----- Source data
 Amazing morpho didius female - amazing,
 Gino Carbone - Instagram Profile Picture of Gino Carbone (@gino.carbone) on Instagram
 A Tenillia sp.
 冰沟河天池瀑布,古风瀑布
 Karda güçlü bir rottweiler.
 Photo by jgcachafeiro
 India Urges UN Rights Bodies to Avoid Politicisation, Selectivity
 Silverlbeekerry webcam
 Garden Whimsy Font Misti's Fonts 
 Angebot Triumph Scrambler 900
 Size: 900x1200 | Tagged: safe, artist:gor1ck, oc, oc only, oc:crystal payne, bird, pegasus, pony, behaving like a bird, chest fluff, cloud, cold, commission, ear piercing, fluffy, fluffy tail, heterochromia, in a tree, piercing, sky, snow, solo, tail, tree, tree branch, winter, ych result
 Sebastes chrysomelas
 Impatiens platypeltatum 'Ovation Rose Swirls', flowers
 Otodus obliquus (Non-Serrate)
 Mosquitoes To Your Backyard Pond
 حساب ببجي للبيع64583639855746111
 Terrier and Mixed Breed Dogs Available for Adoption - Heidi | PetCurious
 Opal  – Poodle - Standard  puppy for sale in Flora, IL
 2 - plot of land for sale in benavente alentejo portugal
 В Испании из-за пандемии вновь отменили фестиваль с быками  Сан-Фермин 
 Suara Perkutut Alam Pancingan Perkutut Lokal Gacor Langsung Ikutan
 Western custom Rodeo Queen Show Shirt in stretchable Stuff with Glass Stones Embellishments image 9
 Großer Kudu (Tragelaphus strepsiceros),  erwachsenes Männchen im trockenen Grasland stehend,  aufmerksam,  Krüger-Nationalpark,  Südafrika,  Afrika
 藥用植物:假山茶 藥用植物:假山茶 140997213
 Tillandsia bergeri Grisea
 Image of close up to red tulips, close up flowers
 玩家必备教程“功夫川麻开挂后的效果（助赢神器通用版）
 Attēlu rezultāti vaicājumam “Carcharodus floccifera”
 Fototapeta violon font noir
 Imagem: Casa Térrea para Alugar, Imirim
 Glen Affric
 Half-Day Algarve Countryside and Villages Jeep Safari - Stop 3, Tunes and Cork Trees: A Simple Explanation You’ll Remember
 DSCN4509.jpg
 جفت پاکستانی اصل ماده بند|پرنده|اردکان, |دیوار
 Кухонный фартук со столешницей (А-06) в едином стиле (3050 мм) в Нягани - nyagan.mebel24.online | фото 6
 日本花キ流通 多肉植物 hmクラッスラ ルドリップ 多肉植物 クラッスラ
----------
Task item: Your reply should repeat the entries above in full, with every character intact.

Solution to the problem:
 Amazing morpho didius female - amazing,
 Gino Carbone - Instagram Profile Picture of Gino Carbone (@gino.carbone) on Instagram
 A Tenillia sp.
 冰沟河天池瀑布,古风瀑布
 Karda güçlü bir rottweiler.
 Photo by jgcachafeiro
 India Urges UN Rights Bodies to Avoid Politicisation, Selectivity
 Silverlbeekerry webcam
 Garden Whimsy Font Misti's Fonts 
 Angebot Triumph Scrambler 900
 Size: 900x1200 | Tagged: safe, artist:gor1ck, oc, oc only, oc:crystal payne, bird, pegasus, pony, behaving like a bird, chest fluff, cloud, cold, commission, ear piercing, fluffy, fluffy tail, heterochromia, in a tree, piercing, sky, snow, solo, tail, tree, tree branch, winter, ych result
 Sebastes chrysomelas
 Impatiens platypeltatum 'Ovation Rose Swirls', flowers
 Otodus obliquus (Non-Serrate)
 Mosquitoes To Your Backyard Pond
 حساب ببجي للبيع64583639855746111
 Terrier and Mixed Breed Dogs Available for Adoption - Heidi | PetCurious
 Opal  – Poodle - Standard  puppy for sale in Flora, IL
 2 - plot of land for sale in benavente alentejo portugal
 В Испании из-за пандемии вновь отменили фестиваль с быками  Сан-Фермин 
 Suara Perkutut Alam Pancingan Perkutut Lokal Gacor Langsung Ikutan
 Western custom Rodeo Queen Show Shirt in stretchable Stuff with Glass Stones Embellishments image 9
 Großer Kudu (Tragelaphus strepsiceros),  erwachsenes Männchen im trockenen Grasland stehend,  aufmerksam,  Krüger-Nationalpark,  Südafrika,  Afrika
 藥用植物:假山茶 藥用植物:假山茶 140997213
 Tillandsia bergeri Grisea
 Image of close up to red tulips, close up flowers
 玩家必备教程“功夫川麻开挂后的效果（助赢神器通用版）
 Attēlu rezultāti vaicājumam “Carcharodus floccifera”
 Fototapeta violon font noir
 Imagem: Casa Térrea para Alugar, Imirim
 Glen Affric
 Half-Day Algarve Countryside and Villages Jeep Safari - Stop 3, Tunes and Cork Trees: A Simple Explanation You’ll Remember
 DSCN4509.jpg
 جفت پاکستانی اصل ماده بند|پرنده|اردکان, |دیوار
 Кухонный фартук со столешницей (А-06) в едином стиле (3050 мм) в Нягани - nyagan.mebel24.online | фото 6
 日本花キ流通 多肉植物 hmクラッスラ ルドリップ 多肉植物 クラッスラ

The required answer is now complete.